What Is the History of Bayes' Theorem?
The theorem was discovered among the papers of the English Presbyterian minister and mathematician Thomas Bayes and published posthumously by being read to the Royal Society in 1763. Long ignored in favor of Boolean calculations, Bayes' Theorem has recently become more popular due to increased calculation capacity for performing its complex calculations.
These advances have led to an increase in applications using Bayes' theorem. It is now applied to a wide variety of probability calculations, including financial calculations, genetics, drug use, and disease control.
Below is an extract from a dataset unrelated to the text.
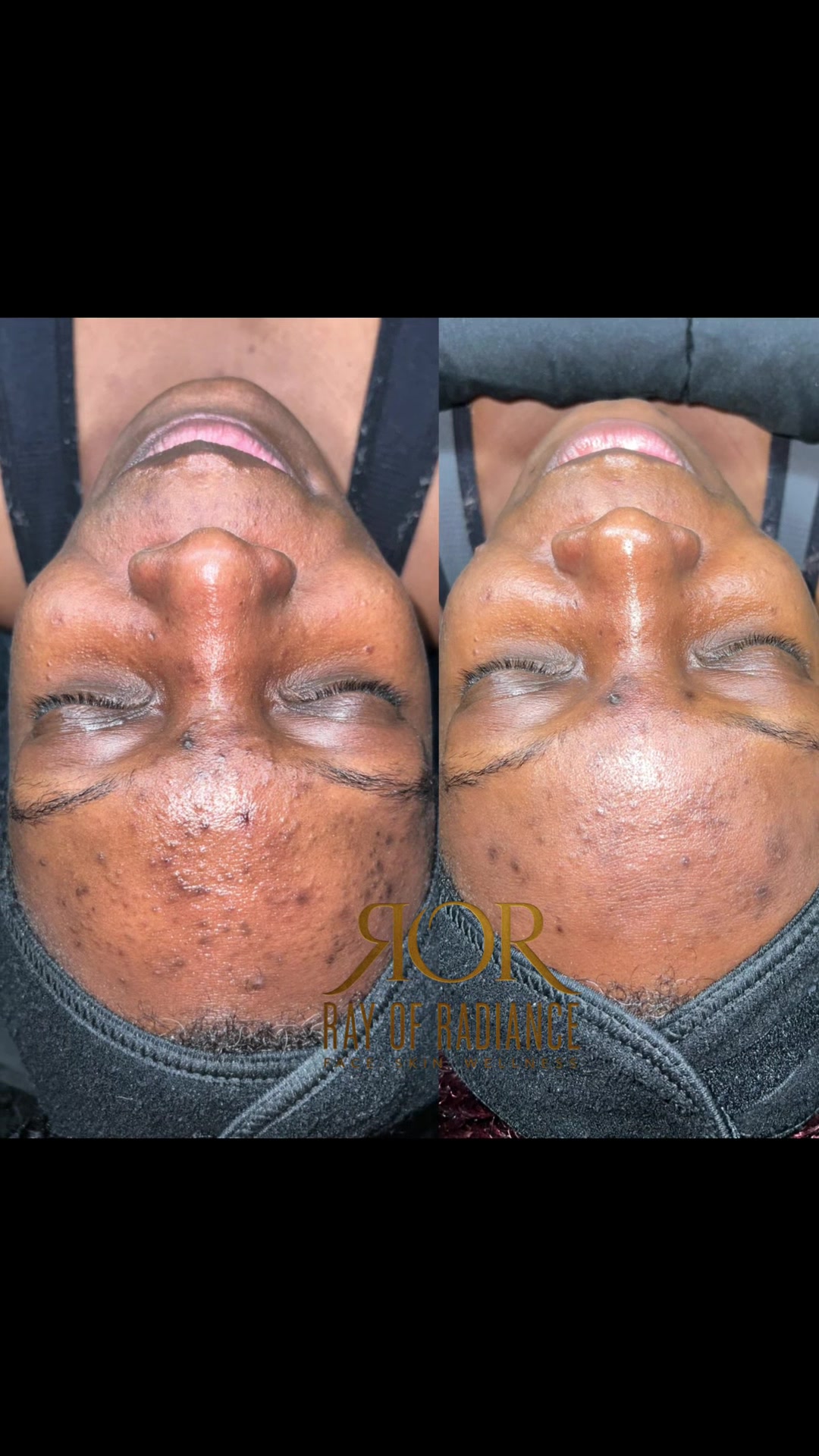 @Rosey-FL Esthetician/laserTech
What Does Bayes' Theorem State?
Bayes' Theorem states that the conditional probability of an event, based on the occurrence of another event, is equal to the likelihood of the second event given the first event multiplied by the probability of the first event.
What Is Calculated in Bayes' Theorem?
Bayes' Theorem calculates the conditional probability of an event, based on the values of specific related known probabilities.
What Is a Bayes' Theorem Calculator?
A Bayes’ Theorem Calculator figures the probability of an event A conditional on another event B, given the prior probabilities of A and B, and the probability of B conditional on A. It calculates conditional probabilities based on known probabilities.
How Is Bayes' Theorem Used in Machine Learning?
Bayes Theorem provides a useful method for thinking about the relationship between a data set and a probability. In other words, the theorem says that the probability of a given hypothesis being true based on specific observed data can be stated as finding the probability of observing the data given the hypothesis multiplied by the probability of the hypothesis being true regardless of the data, divided by the probability of observing the data regardless of the hypothesis.
The Bottom Line
At its simplest, Bayes' Theorem takes a test result and relates it to the conditional probability of that test result given other related events. For high probability false positives, the Theorem gives a more reasoned likelihood of a particular outcome.